**What you need to do:** Please write out each entry below exactly as it appears.

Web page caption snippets
§

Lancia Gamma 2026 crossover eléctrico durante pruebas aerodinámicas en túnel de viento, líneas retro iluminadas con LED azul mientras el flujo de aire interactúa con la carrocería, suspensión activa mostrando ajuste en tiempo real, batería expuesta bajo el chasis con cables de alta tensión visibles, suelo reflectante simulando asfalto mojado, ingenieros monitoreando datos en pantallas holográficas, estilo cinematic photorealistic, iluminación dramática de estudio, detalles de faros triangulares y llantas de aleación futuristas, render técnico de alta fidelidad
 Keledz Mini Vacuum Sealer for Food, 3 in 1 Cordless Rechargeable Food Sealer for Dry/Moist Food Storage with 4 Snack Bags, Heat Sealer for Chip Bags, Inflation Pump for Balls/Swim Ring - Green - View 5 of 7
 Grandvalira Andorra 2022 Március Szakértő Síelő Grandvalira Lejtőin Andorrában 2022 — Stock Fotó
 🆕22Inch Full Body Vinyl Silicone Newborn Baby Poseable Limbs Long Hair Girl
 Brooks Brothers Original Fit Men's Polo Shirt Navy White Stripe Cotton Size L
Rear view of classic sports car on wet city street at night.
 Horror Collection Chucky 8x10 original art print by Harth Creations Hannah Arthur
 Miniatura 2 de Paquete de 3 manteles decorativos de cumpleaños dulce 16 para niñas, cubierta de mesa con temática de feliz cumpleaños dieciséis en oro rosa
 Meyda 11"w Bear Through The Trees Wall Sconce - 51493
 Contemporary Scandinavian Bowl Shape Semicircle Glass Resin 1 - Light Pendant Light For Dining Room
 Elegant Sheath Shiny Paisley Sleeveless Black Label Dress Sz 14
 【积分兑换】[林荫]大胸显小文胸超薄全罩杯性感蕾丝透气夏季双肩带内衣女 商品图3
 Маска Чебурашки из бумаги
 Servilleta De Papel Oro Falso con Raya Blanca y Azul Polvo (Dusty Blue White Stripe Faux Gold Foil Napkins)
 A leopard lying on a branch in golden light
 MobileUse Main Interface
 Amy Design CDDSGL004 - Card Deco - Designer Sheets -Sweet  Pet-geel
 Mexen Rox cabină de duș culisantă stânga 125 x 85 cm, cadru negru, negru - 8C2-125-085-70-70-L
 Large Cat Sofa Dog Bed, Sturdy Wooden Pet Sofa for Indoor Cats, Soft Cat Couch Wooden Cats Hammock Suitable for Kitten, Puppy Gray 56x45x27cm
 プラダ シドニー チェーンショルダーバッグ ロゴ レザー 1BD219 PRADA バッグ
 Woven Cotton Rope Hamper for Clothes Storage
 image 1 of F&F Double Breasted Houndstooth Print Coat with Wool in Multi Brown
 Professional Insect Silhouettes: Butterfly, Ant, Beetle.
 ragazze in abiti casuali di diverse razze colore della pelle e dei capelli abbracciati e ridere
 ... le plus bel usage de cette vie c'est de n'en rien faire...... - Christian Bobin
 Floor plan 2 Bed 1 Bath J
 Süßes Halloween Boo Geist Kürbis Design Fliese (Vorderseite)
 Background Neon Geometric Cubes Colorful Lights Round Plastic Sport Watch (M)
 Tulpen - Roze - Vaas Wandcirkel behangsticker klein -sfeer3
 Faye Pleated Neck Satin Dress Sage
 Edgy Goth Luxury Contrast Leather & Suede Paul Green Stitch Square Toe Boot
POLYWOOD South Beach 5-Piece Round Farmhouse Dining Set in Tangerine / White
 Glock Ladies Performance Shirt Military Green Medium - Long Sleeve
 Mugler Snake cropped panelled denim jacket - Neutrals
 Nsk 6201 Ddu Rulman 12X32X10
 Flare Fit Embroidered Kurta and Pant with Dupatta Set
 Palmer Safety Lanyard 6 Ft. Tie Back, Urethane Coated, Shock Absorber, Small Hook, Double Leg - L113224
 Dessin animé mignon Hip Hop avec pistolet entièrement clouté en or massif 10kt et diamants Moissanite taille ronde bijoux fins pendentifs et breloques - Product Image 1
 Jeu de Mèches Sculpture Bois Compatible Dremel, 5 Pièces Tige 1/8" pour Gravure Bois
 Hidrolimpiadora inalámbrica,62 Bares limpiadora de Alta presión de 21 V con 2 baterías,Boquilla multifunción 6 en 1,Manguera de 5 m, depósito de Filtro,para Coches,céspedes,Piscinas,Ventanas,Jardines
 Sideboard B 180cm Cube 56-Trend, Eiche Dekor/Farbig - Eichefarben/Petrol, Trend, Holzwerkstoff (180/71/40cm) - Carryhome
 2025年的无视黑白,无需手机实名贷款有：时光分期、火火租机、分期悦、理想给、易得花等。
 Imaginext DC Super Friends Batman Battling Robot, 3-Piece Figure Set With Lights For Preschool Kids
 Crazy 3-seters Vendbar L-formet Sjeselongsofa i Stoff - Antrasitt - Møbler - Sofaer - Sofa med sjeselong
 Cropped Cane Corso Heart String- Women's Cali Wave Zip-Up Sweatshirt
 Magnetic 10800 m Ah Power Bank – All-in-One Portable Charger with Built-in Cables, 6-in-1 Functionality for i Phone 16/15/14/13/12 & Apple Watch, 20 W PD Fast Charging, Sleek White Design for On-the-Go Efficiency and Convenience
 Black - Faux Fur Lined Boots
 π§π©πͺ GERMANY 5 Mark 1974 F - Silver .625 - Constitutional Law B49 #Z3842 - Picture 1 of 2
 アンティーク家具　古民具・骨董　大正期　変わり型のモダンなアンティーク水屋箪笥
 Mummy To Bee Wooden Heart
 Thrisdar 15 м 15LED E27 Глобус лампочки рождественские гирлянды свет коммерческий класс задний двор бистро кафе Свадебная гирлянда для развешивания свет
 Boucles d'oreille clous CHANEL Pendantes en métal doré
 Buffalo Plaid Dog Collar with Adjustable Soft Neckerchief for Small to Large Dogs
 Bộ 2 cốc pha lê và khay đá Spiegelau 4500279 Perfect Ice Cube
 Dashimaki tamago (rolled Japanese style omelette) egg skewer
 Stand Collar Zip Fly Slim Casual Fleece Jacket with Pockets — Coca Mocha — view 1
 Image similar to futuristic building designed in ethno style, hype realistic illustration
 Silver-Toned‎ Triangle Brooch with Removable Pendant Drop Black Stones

§

**Task response:**
Lancia Gamma 2026 crossover eléctrico durante pruebas aerodinámicas en túnel de viento, líneas retro iluminadas con LED azul mientras el flujo de aire interactúa con la carrocería, suspensión activa mostrando ajuste en tiempo real, batería expuesta bajo el chasis con cables de alta tensión visibles, suelo reflectante simulando asfalto mojado, ingenieros monitoreando datos en pantallas holográficas, estilo cinematic photorealistic, iluminación dramática de estudio, detalles de faros triangulares y llantas de aleación futuristas, render técnico de alta fidelidad
 Keledz Mini Vacuum Sealer for Food, 3 in 1 Cordless Rechargeable Food Sealer for Dry/Moist Food Storage with 4 Snack Bags, Heat Sealer for Chip Bags, Inflation Pump for Balls/Swim Ring - Green - View 5 of 7
 Grandvalira Andorra 2022 Március Szakértő Síelő Grandvalira Lejtőin Andorrában 2022 — Stock Fotó
 🆕22Inch Full Body Vinyl Silicone Newborn Baby Poseable Limbs Long Hair Girl
 Brooks Brothers Original Fit Men's Polo Shirt Navy White Stripe Cotton Size L
Rear view of classic sports car on wet city street at night.
 Horror Collection Chucky 8x10 original art print by Harth Creations Hannah Arthur
 Miniatura 2 de Paquete de 3 manteles decorativos de cumpleaños dulce 16 para niñas, cubierta de mesa con temática de feliz cumpleaños dieciséis en oro rosa
 Meyda 11"w Bear Through The Trees Wall Sconce - 51493
 Contemporary Scandinavian Bowl Shape Semicircle Glass Resin 1 - Light Pendant Light For Dining Room
 Elegant Sheath Shiny Paisley Sleeveless Black Label Dress Sz 14
 【积分兑换】[林荫]大胸显小文胸超薄全罩杯性感蕾丝透气夏季双肩带内衣女 商品图3
 Маска Чебурашки из бумаги
 Servilleta De Papel Oro Falso con Raya Blanca y Azul Polvo (Dusty Blue White Stripe Faux Gold Foil Napkins)
 A leopard lying on a branch in golden light
 MobileUse Main Interface
 Amy Design CDDSGL004 - Card Deco - Designer Sheets -Sweet  Pet-geel
 Mexen Rox cabină de duș culisantă stânga 125 x 85 cm, cadru negru, negru - 8C2-125-085-70-70-L
 Large Cat Sofa Dog Bed, Sturdy Wooden Pet Sofa for Indoor Cats, Soft Cat Couch Wooden Cats Hammock Suitable for Kitten, Puppy Gray 56x45x27cm
 プラダ シドニー チェーンショルダーバッグ ロゴ レザー 1BD219 PRADA バッグ
 Woven Cotton Rope Hamper for Clothes Storage
 image 1 of F&F Double Breasted Houndstooth Print Coat with Wool in Multi Brown
 Professional Insect Silhouettes: Butterfly, Ant, Beetle.
 ragazze in abiti casuali di diverse razze colore della pelle e dei capelli abbracciati e ridere
 ... le plus bel usage de cette vie c'est de n'en rien faire...... - Christian Bobin
 Floor plan 2 Bed 1 Bath J
 Süßes Halloween Boo Geist Kürbis Design Fliese (Vorderseite)
 Background Neon Geometric Cubes Colorful Lights Round Plastic Sport Watch (M)
 Tulpen - Roze - Vaas Wandcirkel behangsticker klein -sfeer3
 Faye Pleated Neck Satin Dress Sage
 Edgy Goth Luxury Contrast Leather & Suede Paul Green Stitch Square Toe Boot
POLYWOOD South Beach 5-Piece Round Farmhouse Dining Set in Tangerine / White
 Glock Ladies Performance Shirt Military Green Medium - Long Sleeve
 Mugler Snake cropped panelled denim jacket - Neutrals
 Nsk 6201 Ddu Rulman 12X32X10
 Flare Fit Embroidered Kurta and Pant with Dupatta Set
 Palmer Safety Lanyard 6 Ft. Tie Back, Urethane Coated, Shock Absorber, Small Hook, Double Leg - L113224
 Dessin animé mignon Hip Hop avec pistolet entièrement clouté en or massif 10kt et diamants Moissanite taille ronde bijoux fins pendentifs et breloques - Product Image 1
 Jeu de Mèches Sculpture Bois Compatible Dremel, 5 Pièces Tige 1/8" pour Gravure Bois
 Hidrolimpiadora inalámbrica,62 Bares limpiadora de Alta presión de 21 V con 2 baterías,Boquilla multifunción 6 en 1,Manguera de 5 m, depósito de Filtro,para Coches,céspedes,Piscinas,Ventanas,Jardines
 Sideboard B 180cm Cube 56-Trend, Eiche Dekor/Farbig - Eichefarben/Petrol, Trend, Holzwerkstoff (180/71/40cm) - Carryhome
 2025年的无视黑白,无需手机实名贷款有：时光分期、火火租机、分期悦、理想给、易得花等。
 Imaginext DC Super Friends Batman Battling Robot, 3-Piece Figure Set With Lights For Preschool Kids
 Crazy 3-seters Vendbar L-formet Sjeselongsofa i Stoff - Antrasitt - Møbler - Sofaer - Sofa med sjeselong
 Cropped Cane Corso Heart String- Women's Cali Wave Zip-Up Sweatshirt
 Magnetic 10800 m Ah Power Bank – All-in-One Portable Charger with Built-in Cables, 6-in-1 Functionality for i Phone 16/15/14/13/12 & Apple Watch, 20 W PD Fast Charging, Sleek White Design for On-the-Go Efficiency and Convenience
 Black - Faux Fur Lined Boots
 π§π©πͺ GERMANY 5 Mark 1974 F - Silver .625 - Constitutional Law B49 #Z3842 - Picture 1 of 2
 アンティーク家具　古民具・骨董　大正期　変わり型のモダンなアンティーク水屋箪笥
 Mummy To Bee Wooden Heart
 Thrisdar 15 м 15LED E27 Глобус лампочки рождественские гирлянды свет коммерческий класс задний двор бистро кафе Свадебная гирлянда для развешивания свет
 Boucles d'oreille clous CHANEL Pendantes en métal doré
 Buffalo Plaid Dog Collar with Adjustable Soft Neckerchief for Small to Large Dogs
 Bộ 2 cốc pha lê và khay đá Spiegelau 4500279 Perfect Ice Cube
 Dashimaki tamago (rolled Japanese style omelette) egg skewer
 Stand Collar Zip Fly Slim Casual Fleece Jacket with Pockets — Coca Mocha — view 1
 Image similar to futuristic building designed in ethno style, hype realistic illustration
 Silver-Toned‎ Triangle Brooch with Removable Pendant Drop Black Stones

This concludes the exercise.